Kamen. Mit mehr als 1.200 Besuchern platzte die viel zu kleine Kamener Stadthalle aus allen Nähten. Riesengroß war das Interesse bei der ersten von drei Regionalkonferenzen in Nordrhein-Westfalen, die 14 Bewerber um den Parteivorsitz live zu erleben. Und die sieben Bewerberpaare waren erstmals nach den Lücken zuletzt bei den Regionalkonferenzen komplett erschienen, wohl wissend, dass sie mit dieser 18. Regionalkonferenz nun beim mitgliederstärksten Landesverband der SPD angekommen sind. Hier fällt möglicherweise auch bei der Mitgliederbefragung vom 14. bis 25. Oktober die Entscheidung.

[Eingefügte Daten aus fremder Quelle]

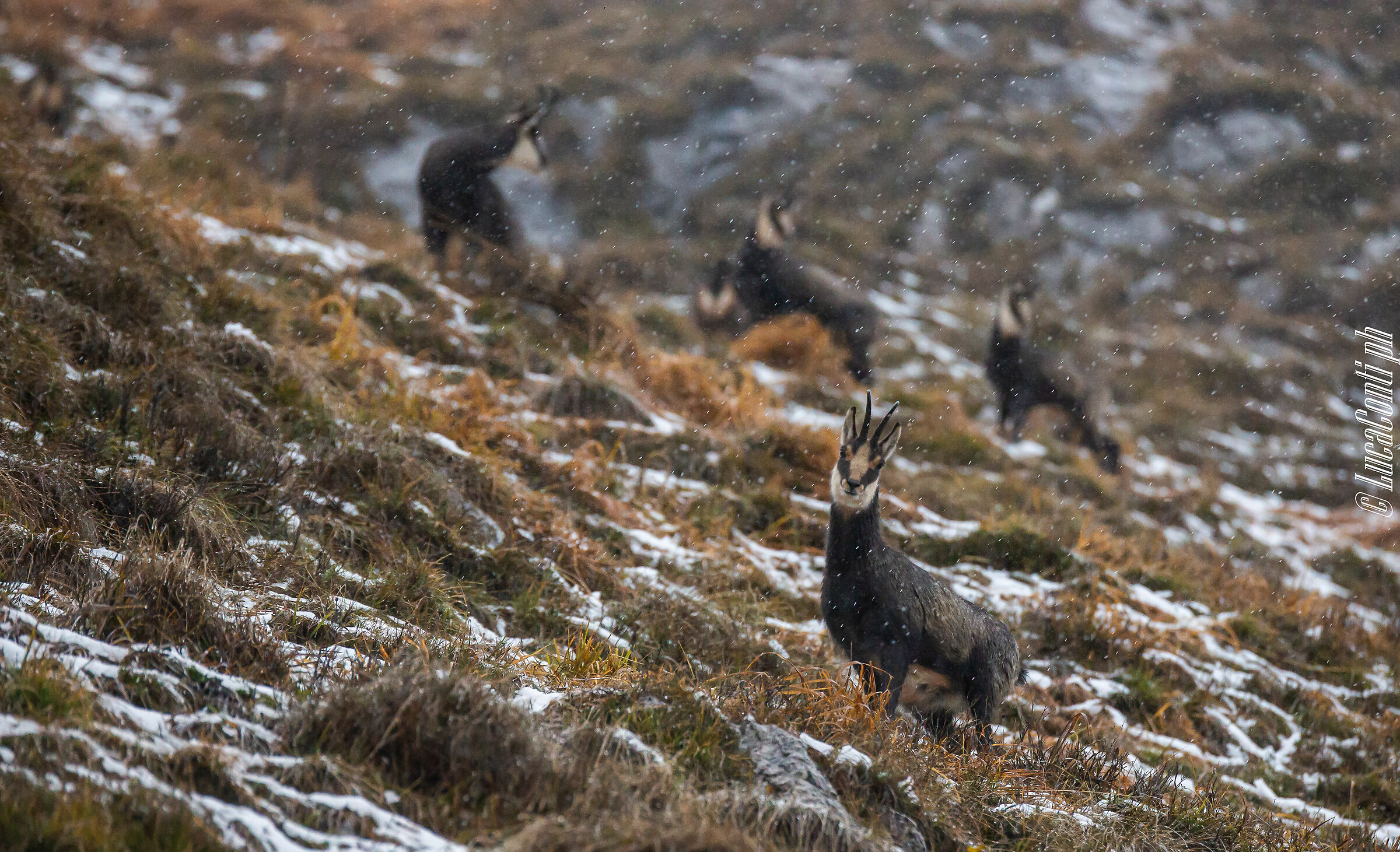 Alpine suede (Rupicapra Rupicapra)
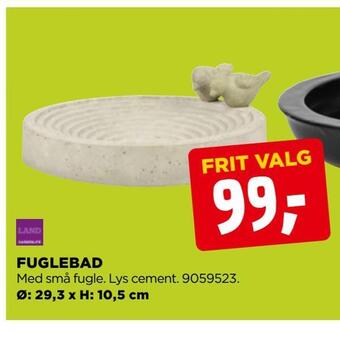Fuglebad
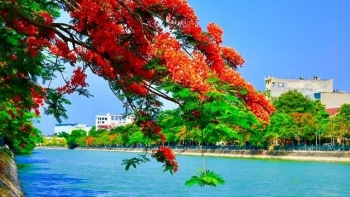 70 năm Ngày giải phóng thành phố và đề xuất quan trọng để Hải Phòng bứt phá vươn mình
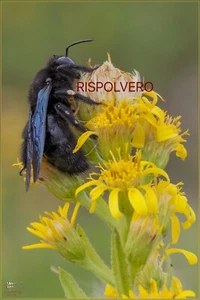 Fotografia Photo 15x20 Macro Ape Legnaiola HD Alta Definizione - Picture 1 of 1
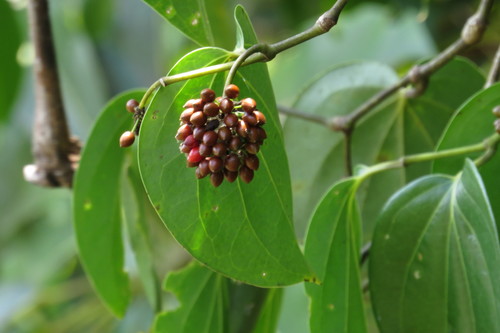Piper hederaceum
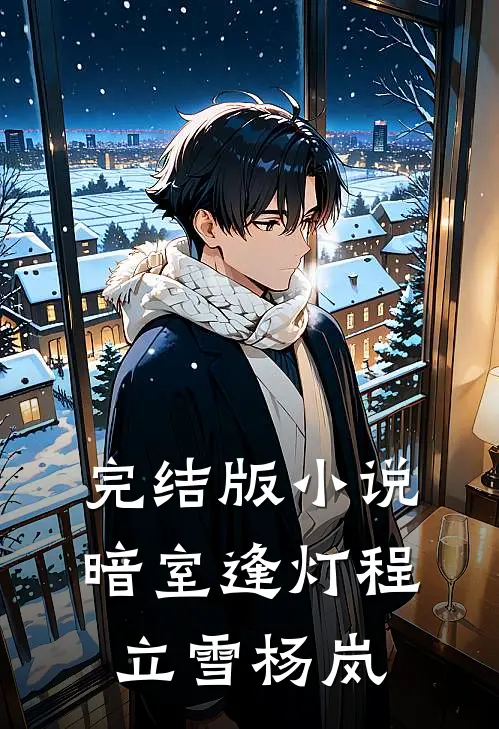 完结版小说暗室逢灯程立雪杨岚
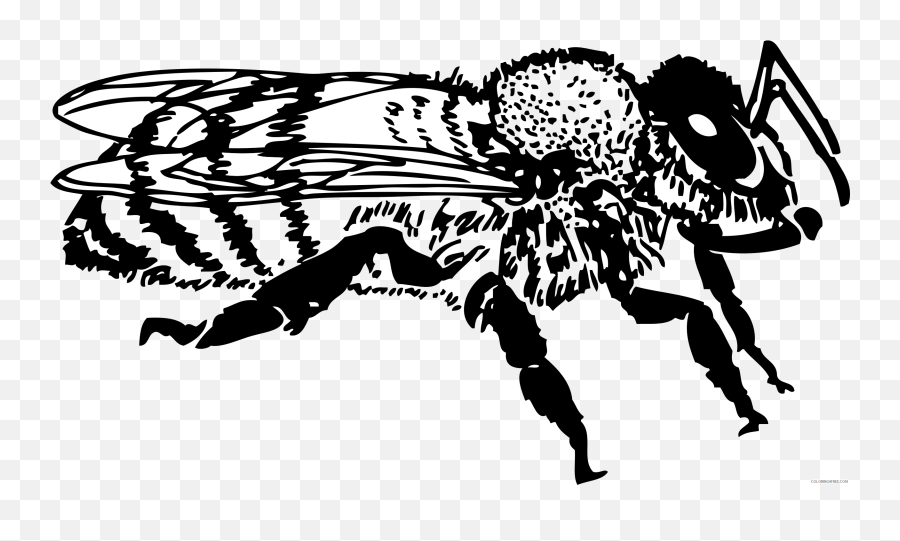 Honey Bee Coloring Pages Honey Bee 1 Bpng Printable - Insect Bee Clipart Black And White Emoji,Honey Bee Emoji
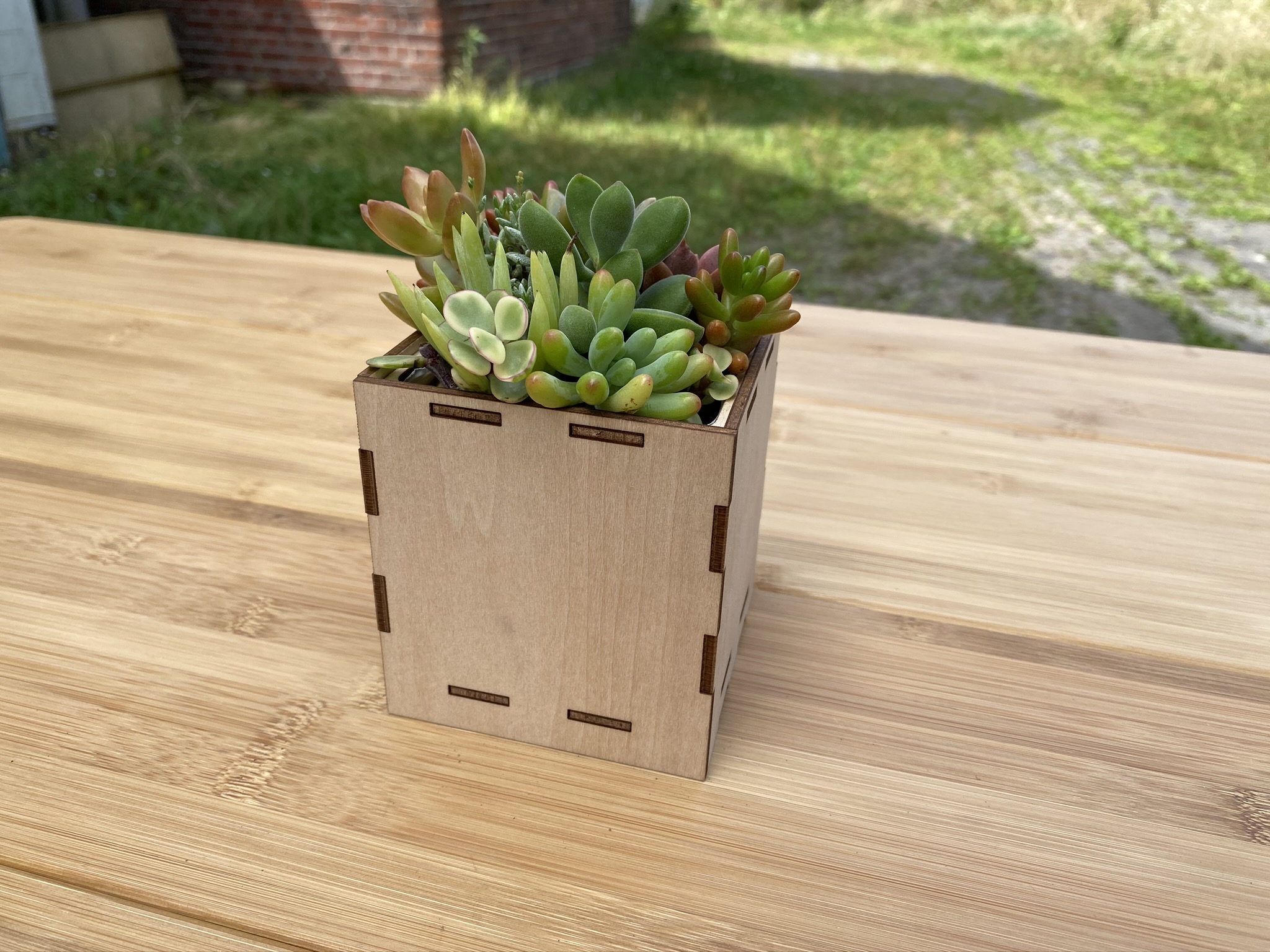 アウトレット ふるさと納税 安心やすらぎ共和国 Oasis Republic Sunagawa Base 片桐農園 空知単板工業 株 多肉植物寄せ植え体験ギフトセット インテリア 室内 北海道砂川市 ランキング1位獲得 Marcoleone Com Ar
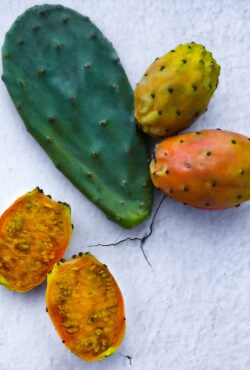 Prickly Pear 1 scaled 1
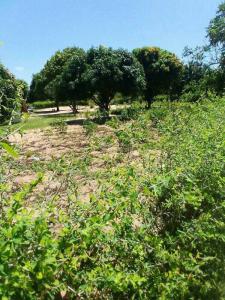 Trespassa-se terreno com 4.7 hectares na KaTembe | Bairro Chali 🎁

Den stärksten Auftritt hatten in Kamen zwei Außenseiter, die Politik-Professorin Gesine Schwan und der stellvertretende Parteivorsitzende Ralf Stegner. Vor allem der Mann aus Schleswig-Holstein, sicher der beste Rhetoriker unter allen 14 Bewerbern, wurde häufig bejubelt. Lautstarken Beifall erhielten aber auch die vom NRW-Landesvorstand nominierten Bewerber Norbert Walter-Borjans und die Bundestagsabgeordnete Saskia Esken aus Baden-Württemberg. Vor allem der ehemalige NRW-Finanzminister wurde gefeiert: "Nowabo war der beste Finanzminister aller Zeiten. Wir lieben dich", sagte eine Teilnehmerin.
Gegen die schwarze Null, gegen die GroKo
Bei zwei Themen gab es immer wieder stärksten Beifall: Wenn es gegen die schwarze Null in der Hauhaltspolitik ging und wenn es gegen die Beteiligung der SPD an der Großen Koalition ging. Am deutlichsten gegen die Groko sprachen sich die Paare Karl Lauterbach/Nina Scheer und Norbert Walter-Borjans/Saskia Esken aus. Karl Lauterbach: "Wenn Ihr uns wählt, ist das der Todesstoß für die Große Koalition."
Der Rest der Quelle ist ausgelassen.